I have a dental lab in Europe and might want to move it to the USA. Some of the equipment rates as high as 4kW, and the the total maximum draw is 15kW for the whole lab. Can I wire a secondary breaker box in a building in the United States that is all 240V?

  • Depending on the type of power service delivered to the building, you may not have 240v available to you. If the service is bi-phase, then 240v is possible. If the service is 3-phase, then you will get 208v.
    – longneck
    Apr 22, 2013 at 20:32
  • @nvarras7 How did this work out? Did you relocate? Jan 12, 2016 at 19:14

1 Answer 1


Yes. The bigger problem is going to be if any of the equipment requires 50 Hz or is not approved here (e.g., Commercial U.L. or whatever code and insurance requires for a dental lab).

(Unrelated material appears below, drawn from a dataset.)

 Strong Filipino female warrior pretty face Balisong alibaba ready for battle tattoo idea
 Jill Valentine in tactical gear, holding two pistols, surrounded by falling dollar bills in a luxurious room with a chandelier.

  • Thank you for the response, none of the equipment says 50 or 60 Hz, that mean it's ok? all the equipment comes in US 110v versions if that helps, but buying them all again is about $400k too prohibitive.
    – nvarras7
    Sep 12, 2012 at 12:20
  • You can't assume that it's OK. You may have to look more carefully for small print, look for specifications in the manuals, or even ask the manufacturers. Sep 12, 2012 at 12:31
  • I'd assume that no explicit specification would mean 50 Hz on European equipment. It's worth finding the datasheet.
    – sharptooth
    Sep 12, 2012 at 12:41
  • 3
    @nvarras7 The equipment should have a nameplate with information like manufacturer, voltage, current, possibly Volt-Amperes, etc. It would likely be near where the electrical cable (cord) connects to the equipment (or possibly just inside a panel where the power connects).
    – Tester101
    Sep 12, 2012 at 13:03
  • Ok thanx to all for the answers, most of the machines documents list 50-60Hz, only one has 50 Hz on the plate, so I think I'm good! Now, can anyone lend a hand at moving time? Lol!